A trademark of German Expressionism was the cinematic style’s ability to make the viewer feel uneasy. Scenes were frequently dark, set design was elaborate and exaggerated to emphasize madness and discontent, and so birthed a cinematic technique known as the “Dutch tilt,” or “Dutch angle.” The Dutch tilt (or canted angle) is a camera shot where the camera is tilted to create a disoriented, crooked shot. Its first notable use came from the Expressionist classic The Cabinet of Dr. Caligari (1920), where it was used to emphasize the fantastic and off-center nature of the film’s production design, which mirrored the social destruction of the Weimar Republic in Germany at the time.
Since Expressionism, the Dutch tilt naturally carried into the film noir genre with prominence. In modern filmmaking, directors heavily influenced by the Expressionist and noir genres, such as Tim Burton, Terry Gilliam, and Sam Raimi, use the technique readily. Today, they are most often found in horror pictures.

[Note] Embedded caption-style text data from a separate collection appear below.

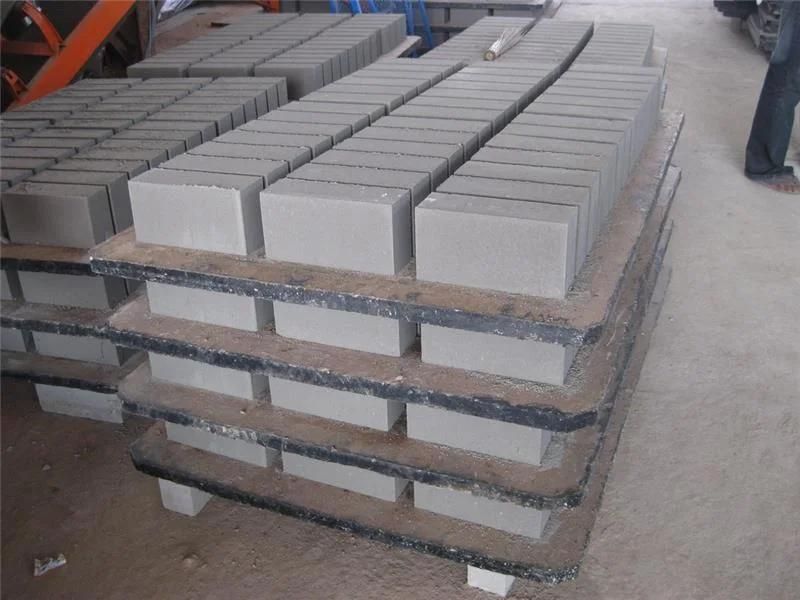 Mobile Type Concrete Hollow Block Brick Paver Making Machine Qtm10-15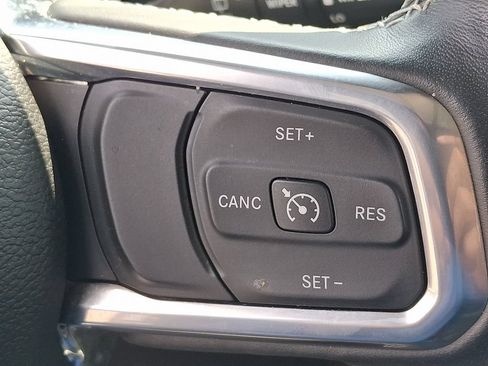 Used 2023 Jeep Wrangler Unlimited Sahara w/ Cold Weather Group AWD/4WD image 23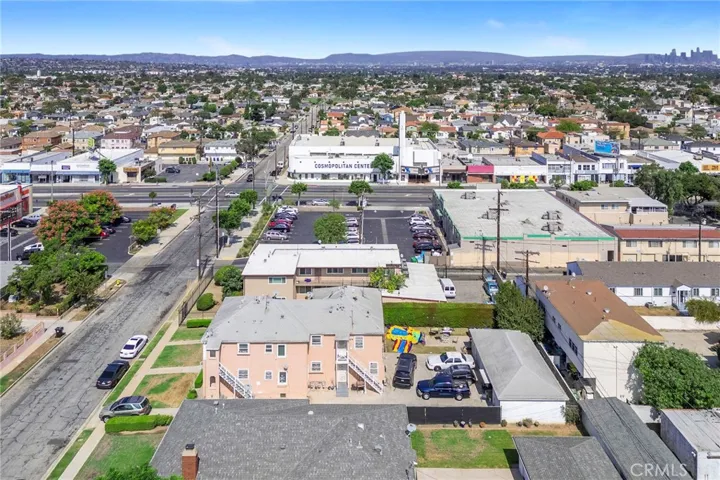8616 5th Avenue, Inglewood, California 90305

Dutch angles are sometimes montaged in a manner where the tilts are presented in opposition of each other (right-tilt, left-tilt, right-tilt, etc.). Sometimes these montages move in on a subject while flipping angles to create a maddening effect. Dutch tilts are further used to give the effect of atmospheric disquiet, intoxication, frantic energy, or psychosis, depending on its context. They can be static in nature, or coupled with simultaneous zooming or panning.
Not all critics and film analysts appreciate the shot in modern filmmaking—The Lumiere Reader calls it “an artless maneuver, unsubtle and lacking in imagination. In grammatical terms, it’s the equivalent of a needless exclamation mark when inserted blatantly into a scene, and while part of the familiar visual language of cinema, it’s seldom warranted.”
The Third Man (1949) extensively used Dutch angles to show the main character’s alienation and isolation in a foreign location. Encountering Directors by Charles Thomas Samuels recounts that The Third Man director Carol Reed later joked that he received a good deal of teasing for the film’s preference for Dutch angles: “I used it so much in The Third Man, however, that I remember William Wyler, after seeing the film, made me the gift of a spirit level. ‘Carol,’ he said, ‘next time you make a picture, just put it on top of the camera, will you!’”
Dutch angles were used constantly in the 1960s Batman TV series and 1966 Adam West film, satirical pieces of entertainment wherein each character had their own identifying Dutch angle. (Some even re-dubbed the Dutch angle the Batman angle.)
Battlefield Earth (2000) drew criticism for its overuse of the technique. Roger Ebert said, “Roger Christian has learned from better films that directors sometimes tilt their cameras, but he has not learned why.” He gave the film his lowest possible rating.
In comparison, James Whale’s Bride Of Frankenstein (1935) is an effective early use of the Dutch tilt in horror cinema.
Another aging example, from the 1960 Twilight Zone (1959) episode “The Howling Man.”
The Dutch angle is an effective means of conveying various forms of distress and unease. Its overuse in cinema language has given it a somewhat bad reputation, losing favor over time, suggesting it only be used for proper reasons and not as a cinematic gimmick.